> **What the task requires**: Would you please write out each entry precisely as given?

> **The input**:

■ ■ ■

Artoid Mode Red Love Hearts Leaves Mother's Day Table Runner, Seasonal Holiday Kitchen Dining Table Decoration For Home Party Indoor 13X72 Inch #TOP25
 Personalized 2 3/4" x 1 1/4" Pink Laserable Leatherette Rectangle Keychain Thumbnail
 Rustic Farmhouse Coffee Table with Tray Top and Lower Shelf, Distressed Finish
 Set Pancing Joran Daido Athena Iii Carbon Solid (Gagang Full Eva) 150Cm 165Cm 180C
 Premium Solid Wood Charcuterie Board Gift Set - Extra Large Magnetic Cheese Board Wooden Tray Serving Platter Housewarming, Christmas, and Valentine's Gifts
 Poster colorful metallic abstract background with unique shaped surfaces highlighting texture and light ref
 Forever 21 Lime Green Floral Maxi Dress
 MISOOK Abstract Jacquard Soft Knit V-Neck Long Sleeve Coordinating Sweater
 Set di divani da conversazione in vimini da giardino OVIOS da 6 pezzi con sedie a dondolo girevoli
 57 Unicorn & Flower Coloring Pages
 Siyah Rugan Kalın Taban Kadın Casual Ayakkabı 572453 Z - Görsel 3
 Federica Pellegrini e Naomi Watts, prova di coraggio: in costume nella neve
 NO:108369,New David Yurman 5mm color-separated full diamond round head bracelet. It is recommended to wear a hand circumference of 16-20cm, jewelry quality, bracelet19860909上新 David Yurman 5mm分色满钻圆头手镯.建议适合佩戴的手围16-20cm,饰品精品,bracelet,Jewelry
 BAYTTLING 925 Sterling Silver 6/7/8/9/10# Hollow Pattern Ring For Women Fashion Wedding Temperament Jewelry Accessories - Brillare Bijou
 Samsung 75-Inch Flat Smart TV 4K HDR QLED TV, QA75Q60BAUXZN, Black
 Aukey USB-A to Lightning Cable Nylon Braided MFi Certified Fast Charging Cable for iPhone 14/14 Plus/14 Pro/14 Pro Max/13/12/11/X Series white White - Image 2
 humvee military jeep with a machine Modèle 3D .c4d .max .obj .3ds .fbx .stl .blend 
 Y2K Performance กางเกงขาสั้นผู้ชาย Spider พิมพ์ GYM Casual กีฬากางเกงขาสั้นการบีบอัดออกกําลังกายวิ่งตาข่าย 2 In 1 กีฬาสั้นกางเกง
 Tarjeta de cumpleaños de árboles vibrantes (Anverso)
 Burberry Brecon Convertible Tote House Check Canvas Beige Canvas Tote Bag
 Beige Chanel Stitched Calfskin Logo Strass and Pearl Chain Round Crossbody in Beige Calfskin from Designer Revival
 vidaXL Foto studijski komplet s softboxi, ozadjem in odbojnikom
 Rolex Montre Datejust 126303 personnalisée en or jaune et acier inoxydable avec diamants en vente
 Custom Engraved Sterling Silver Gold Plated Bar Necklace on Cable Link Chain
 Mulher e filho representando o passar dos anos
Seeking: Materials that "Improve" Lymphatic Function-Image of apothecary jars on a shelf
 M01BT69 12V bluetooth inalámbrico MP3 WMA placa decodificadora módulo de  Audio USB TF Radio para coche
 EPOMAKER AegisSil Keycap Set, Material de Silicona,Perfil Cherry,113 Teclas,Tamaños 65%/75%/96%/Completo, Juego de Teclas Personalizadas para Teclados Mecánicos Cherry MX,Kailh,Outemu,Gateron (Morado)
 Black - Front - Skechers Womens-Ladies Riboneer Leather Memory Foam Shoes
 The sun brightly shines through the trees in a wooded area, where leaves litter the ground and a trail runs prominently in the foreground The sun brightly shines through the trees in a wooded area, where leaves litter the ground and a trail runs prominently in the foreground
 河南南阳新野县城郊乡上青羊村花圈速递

■ ■ ■

> **Response to the task**:
Artoid Mode Red Love Hearts Leaves Mother's Day Table Runner, Seasonal Holiday Kitchen Dining Table Decoration For Home Party Indoor 13X72 Inch #TOP25
 Personalized 2 3/4" x 1 1/4" Pink Laserable Leatherette Rectangle Keychain Thumbnail
 Rustic Farmhouse Coffee Table with Tray Top and Lower Shelf, Distressed Finish
 Set Pancing Joran Daido Athena Iii Carbon Solid (Gagang Full Eva) 150Cm 165Cm 180C
 Premium Solid Wood Charcuterie Board Gift Set - Extra Large Magnetic Cheese Board Wooden Tray Serving Platter Housewarming, Christmas, and Valentine's Gifts
 Poster colorful metallic abstract background with unique shaped surfaces highlighting texture and light ref
 Forever 21 Lime Green Floral Maxi Dress
 MISOOK Abstract Jacquard Soft Knit V-Neck Long Sleeve Coordinating Sweater
 Set di divani da conversazione in vimini da giardino OVIOS da 6 pezzi con sedie a dondolo girevoli
 57 Unicorn & Flower Coloring Pages
 Siyah Rugan Kalın Taban Kadın Casual Ayakkabı 572453 Z - Görsel 3
 Federica Pellegrini e Naomi Watts, prova di coraggio: in costume nella neve
 NO:108369,New David Yurman 5mm color-separated full diamond round head bracelet. It is recommended to wear a hand circumference of 16-20cm, jewelry quality, bracelet19860909上新 David Yurman 5mm分色满钻圆头手镯.建议适合佩戴的手围16-20cm,饰品精品,bracelet,Jewelry
 BAYTTLING 925 Sterling Silver 6/7/8/9/10# Hollow Pattern Ring For Women Fashion Wedding Temperament Jewelry Accessories - Brillare Bijou
 Samsung 75-Inch Flat Smart TV 4K HDR QLED TV, QA75Q60BAUXZN, Black
 Aukey USB-A to Lightning Cable Nylon Braided MFi Certified Fast Charging Cable for iPhone 14/14 Plus/14 Pro/14 Pro Max/13/12/11/X Series white White - Image 2
 humvee military jeep with a machine Modèle 3D .c4d .max .obj .3ds .fbx .stl .blend 
 Y2K Performance กางเกงขาสั้นผู้ชาย Spider พิมพ์ GYM Casual กีฬากางเกงขาสั้นการบีบอัดออกกําลังกายวิ่งตาข่าย 2 In 1 กีฬาสั้นกางเกง
 Tarjeta de cumpleaños de árboles vibrantes (Anverso)
 Burberry Brecon Convertible Tote House Check Canvas Beige Canvas Tote Bag
 Beige Chanel Stitched Calfskin Logo Strass and Pearl Chain Round Crossbody in Beige Calfskin from Designer Revival
 vidaXL Foto studijski komplet s softboxi, ozadjem in odbojnikom
 Rolex Montre Datejust 126303 personnalisée en or jaune et acier inoxydable avec diamants en vente
 Custom Engraved Sterling Silver Gold Plated Bar Necklace on Cable Link Chain
 Mulher e filho representando o passar dos anos
Seeking: Materials that "Improve" Lymphatic Function-Image of apothecary jars on a shelf
 M01BT69 12V bluetooth inalámbrico MP3 WMA placa decodificadora módulo de  Audio USB TF Radio para coche
 EPOMAKER AegisSil Keycap Set, Material de Silicona,Perfil Cherry,113 Teclas,Tamaños 65%/75%/96%/Completo, Juego de Teclas Personalizadas para Teclados Mecánicos Cherry MX,Kailh,Outemu,Gateron (Morado)
 Black - Front - Skechers Womens-Ladies Riboneer Leather Memory Foam Shoes
 The sun brightly shines through the trees in a wooded area, where leaves litter the ground and a trail runs prominently in the foreground The sun brightly shines through the trees in a wooded area, where leaves litter the ground and a trail runs prominently in the foreground
 河南南阳新野县城郊乡上青羊村花圈速递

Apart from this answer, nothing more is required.